Indexing in MongoDB is a way to speed up data searches by creating special data structures. However, not every field or collection should have an index. Knowing when not to index helps avoid slowing down your database and wasting storage. This topic explains situations where adding indexes can do more harm than good.
Why it matters
Without understanding when not to index, you might add too many indexes that slow down data writing and use extra disk space. This can make your app slower and more expensive to run. Avoiding unnecessary indexes keeps your database fast and efficient, saving time and resources.
Where it fits
Before this, you should know what indexes are and how they work in MongoDB. After this, you can learn about index types, how to create them, and how to optimize queries using indexes.
Mental Model
Core Idea
Indexes speed up searches but slow down writes and use space, so only add them when the benefit outweighs the cost.
Think of it like...
Think of an index like a table of contents in a book: it helps you find pages quickly, but if every page had its own tiny table of contents, the book would get bulky and harder to update.

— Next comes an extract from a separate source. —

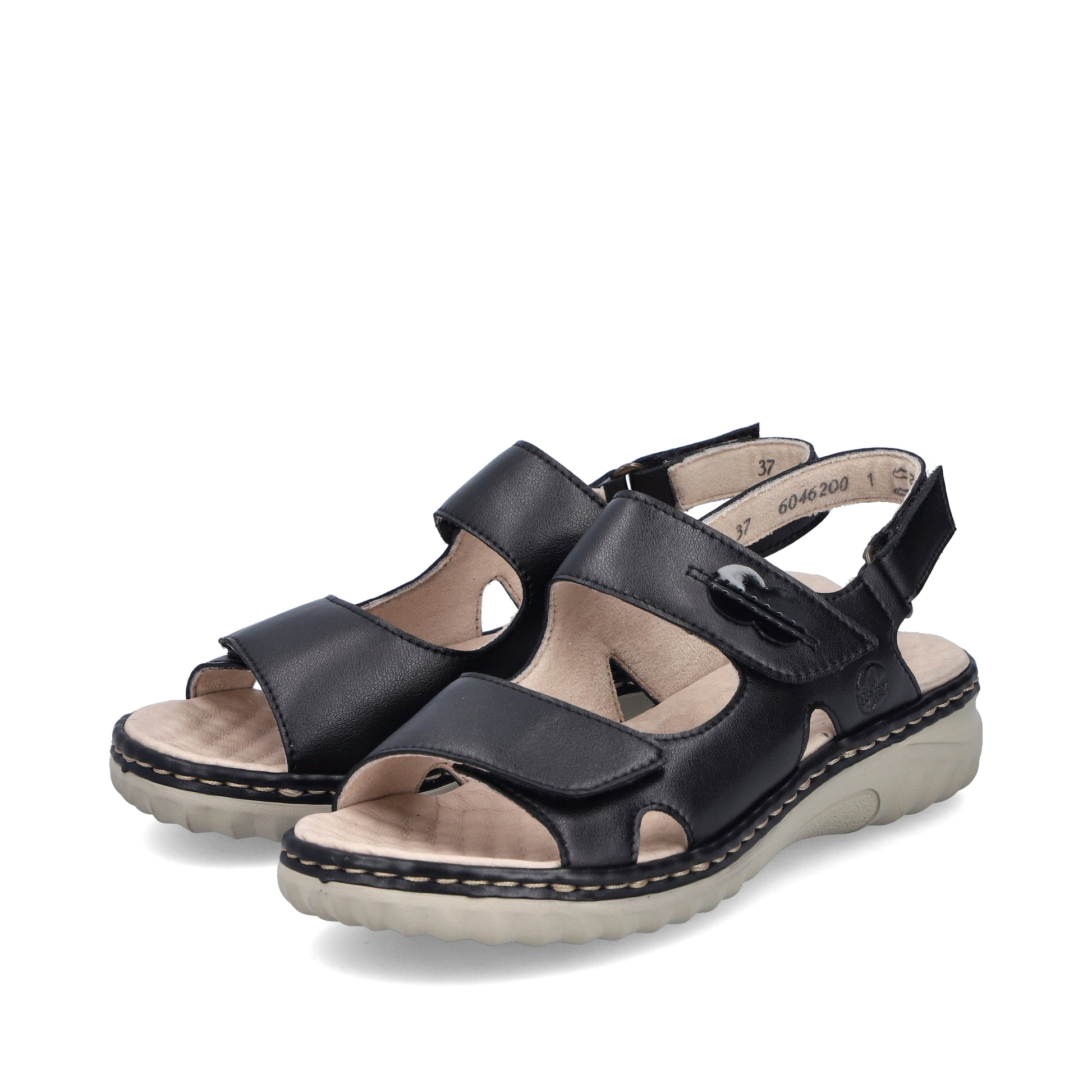Black Hook & Loop Sandals for Women | Rieker 60462-00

┌───────────────┐       ┌───────────────┐
│   Data Table  │──────▶│   Full Scan   │
└───────────────┘       └───────────────┘
        │                      ▲
        │                      │
        ▼                      │
┌───────────────┐       ┌───────────────┐
│    Index      │──────▶│  Fast Search  │
└───────────────┘       └───────────────┘

Note: More indexes mean more maintenance during writes.
Build-Up - 7 Steps
1
FoundationWhat is an index in MongoDB
🤔
Concept: Introduce the basic idea of an index and its role in speeding up queries.
An index in MongoDB is a special data structure that stores a small portion of the data in an easy-to-search way. When you query a collection, MongoDB can use the index to find matching documents faster instead of looking at every document.
Result
Queries that use indexes run faster because MongoDB skips scanning all documents.
Understanding what an index is helps you see why it can speed up searches but also why it needs extra space.
2
FoundationHow indexes affect writes and storage
🤔
Concept: Explain the trade-off between read speed and write cost with indexes.
Every time you add, update, or delete a document, MongoDB must update all indexes on that collection. This means writes take longer and use more CPU. Also, indexes take up disk space, which grows with the number of indexes and data size.
Result
More indexes mean slower writes and more storage used.
Knowing the cost of indexes on writes and storage helps you balance performance needs.
3
IntermediateWhen indexing low-cardinality fields hurts
🤔Before reading on: do you think indexing a field with only a few unique values speeds up queries or not? Commit to your answer.
Concept: Explain why indexing fields with few unique values (low-cardinality) is often not helpful.
Fields like 'gender' or 'boolean flags' have very few unique values. Indexes on these fields don't filter data well because many documents share the same value. MongoDB may still scan many documents, making the index less useful and still costly to maintain.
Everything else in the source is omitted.